PROBLEM REQUIREMENTS: Reproduce without any pictures the lines from the one that contains "toddler learning to ski" through the end of the records, exactly as written.

Segment Start: DATA FOR REVIEW

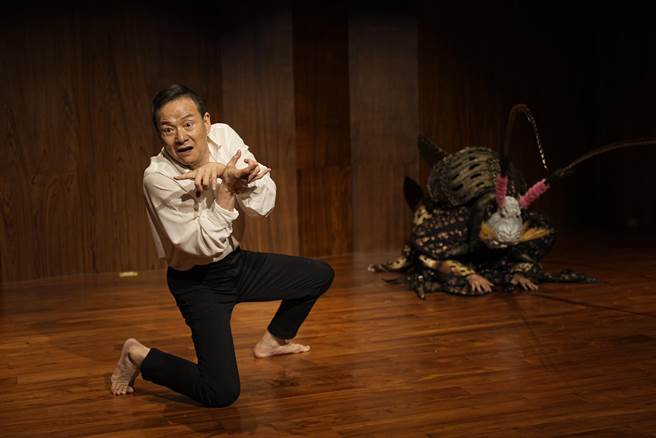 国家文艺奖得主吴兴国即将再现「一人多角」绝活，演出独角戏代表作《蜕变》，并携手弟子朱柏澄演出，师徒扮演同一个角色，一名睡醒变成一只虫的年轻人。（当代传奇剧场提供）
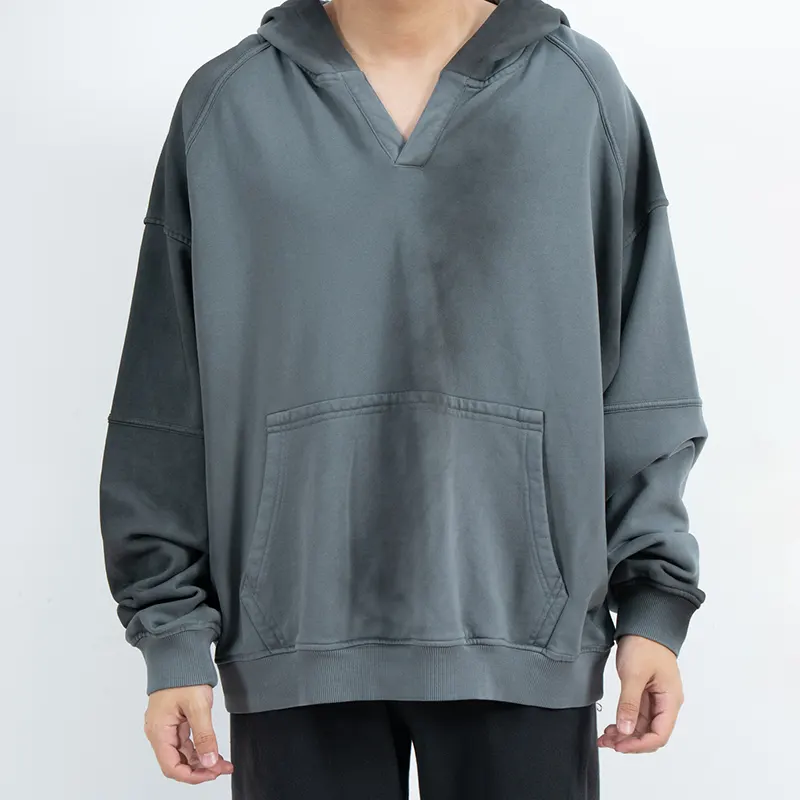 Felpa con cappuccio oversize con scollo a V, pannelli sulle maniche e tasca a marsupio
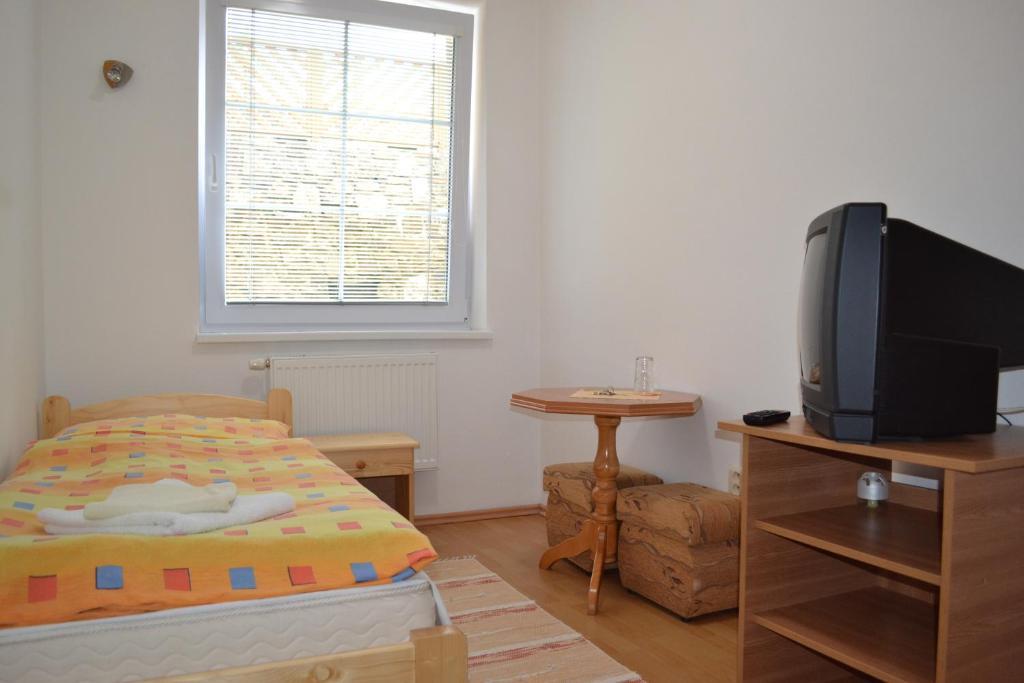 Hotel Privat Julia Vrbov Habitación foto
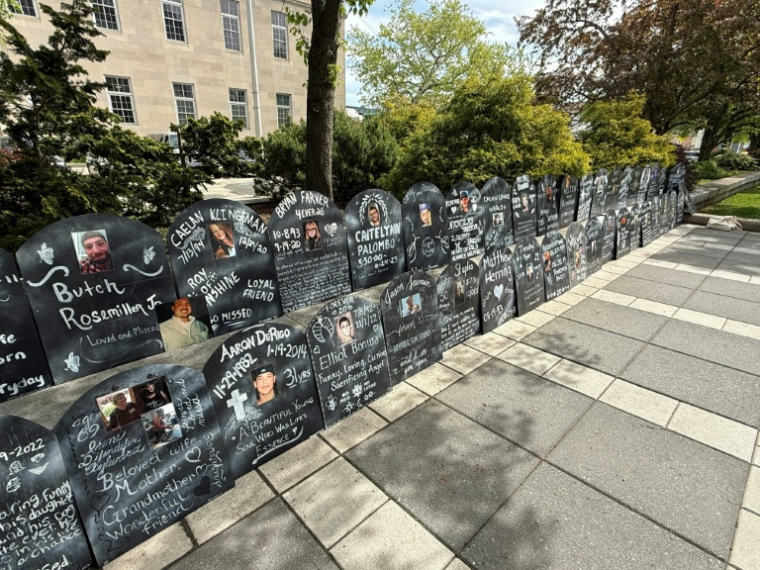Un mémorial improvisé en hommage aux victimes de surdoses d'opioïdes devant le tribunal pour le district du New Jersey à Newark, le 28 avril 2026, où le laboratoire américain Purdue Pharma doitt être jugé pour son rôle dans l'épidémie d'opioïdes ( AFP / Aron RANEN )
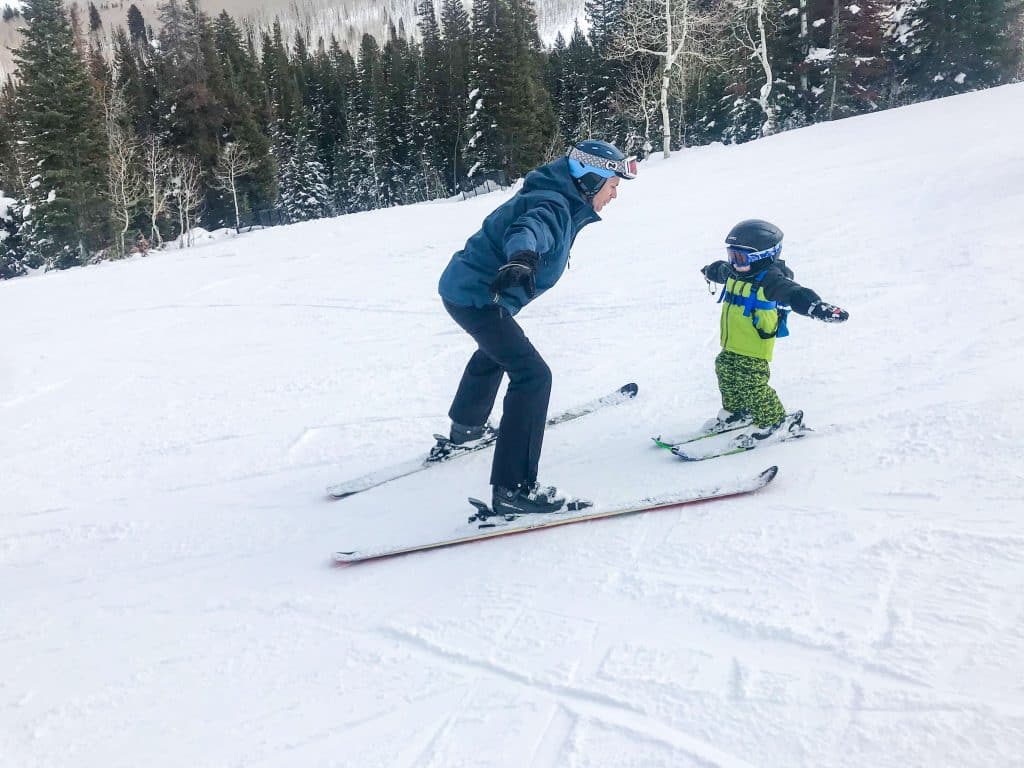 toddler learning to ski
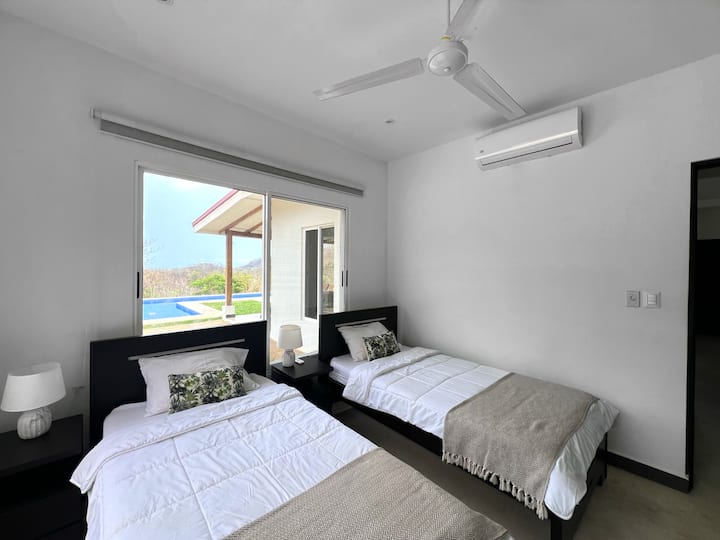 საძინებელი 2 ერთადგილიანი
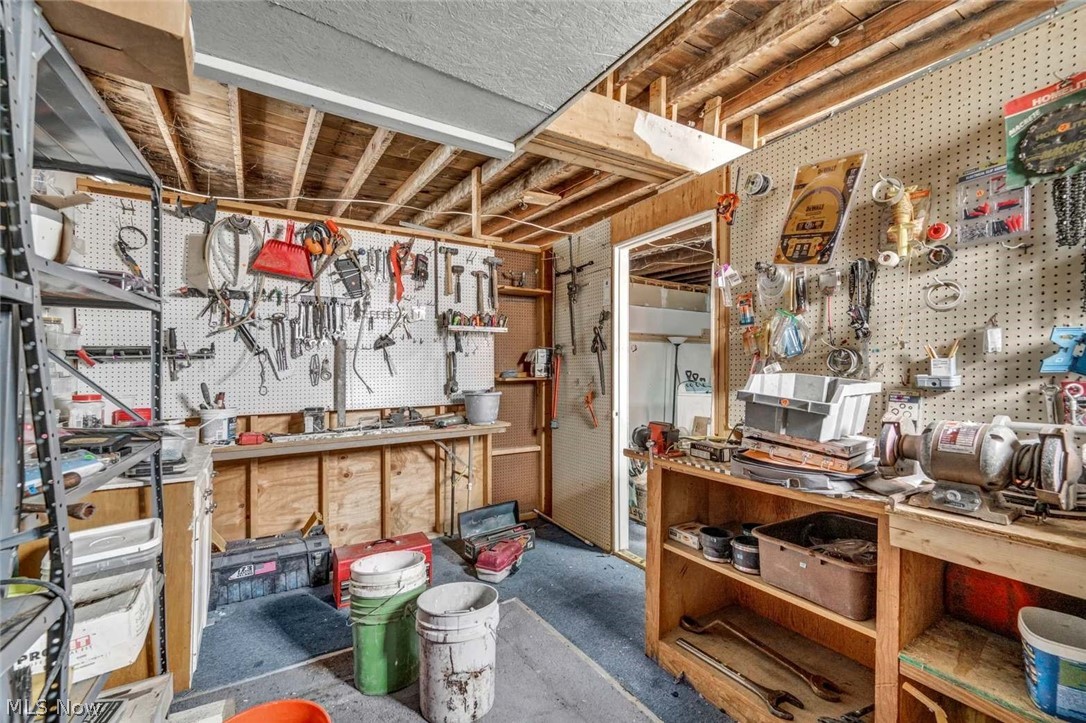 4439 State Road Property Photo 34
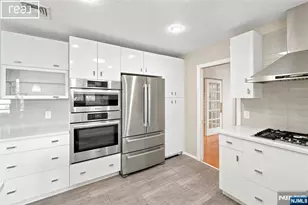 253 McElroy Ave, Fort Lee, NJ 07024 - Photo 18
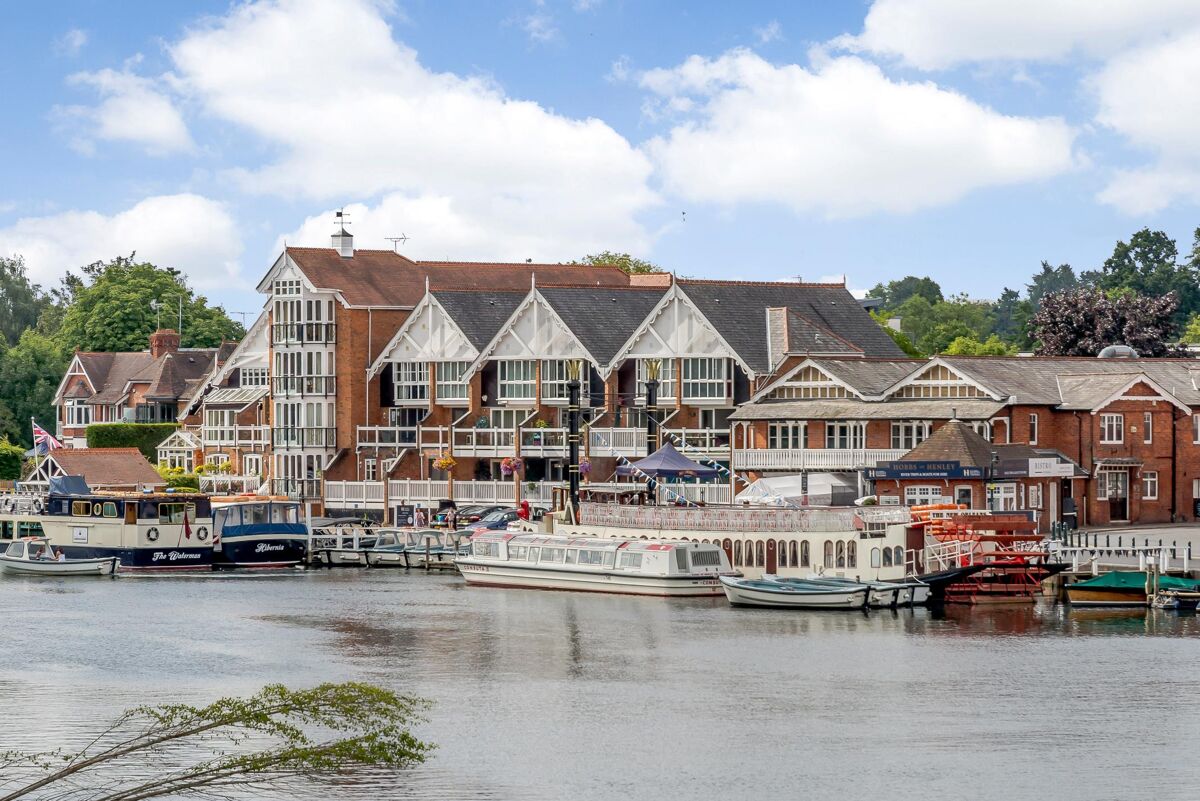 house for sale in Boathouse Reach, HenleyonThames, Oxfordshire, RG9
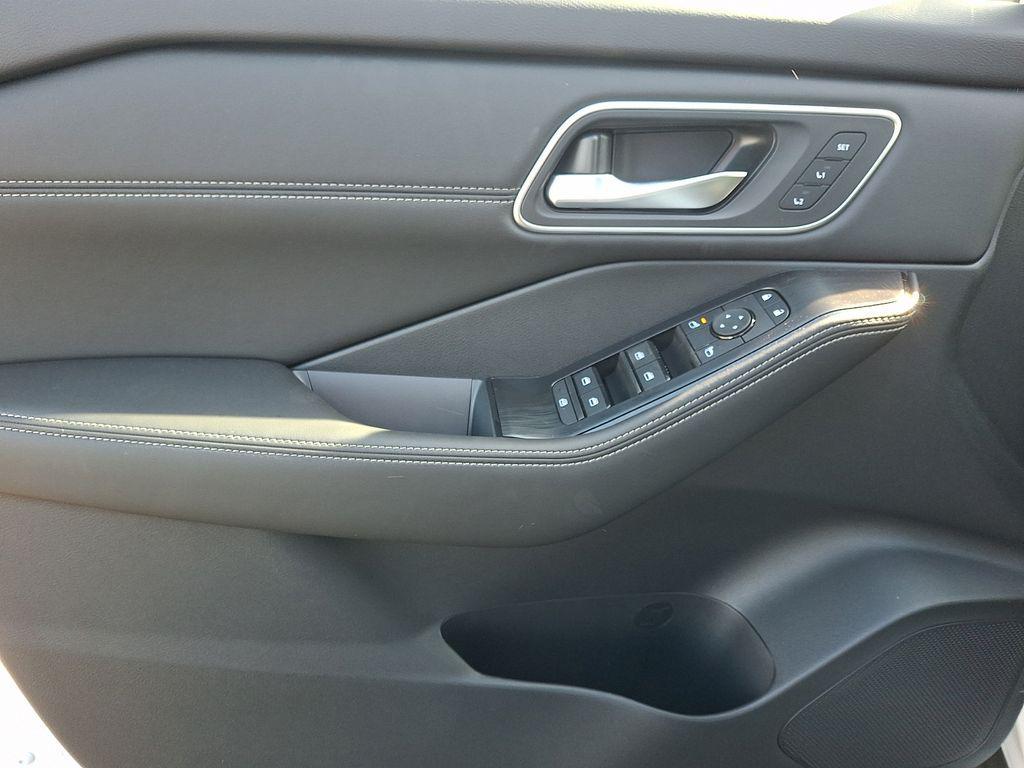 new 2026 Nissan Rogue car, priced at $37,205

Segment End: DATA FOR REVIEW

ANSWER BELOW:
 toddler learning to ski
 საძინებელი 2 ერთადგილიანი
 4439 State Road Property Photo 34
 253 McElroy Ave, Fort Lee, NJ 07024 - Photo 18
 house for sale in Boathouse Reach, HenleyonThames, Oxfordshire, RG9
 new 2026 Nissan Rogue car, priced at $37,205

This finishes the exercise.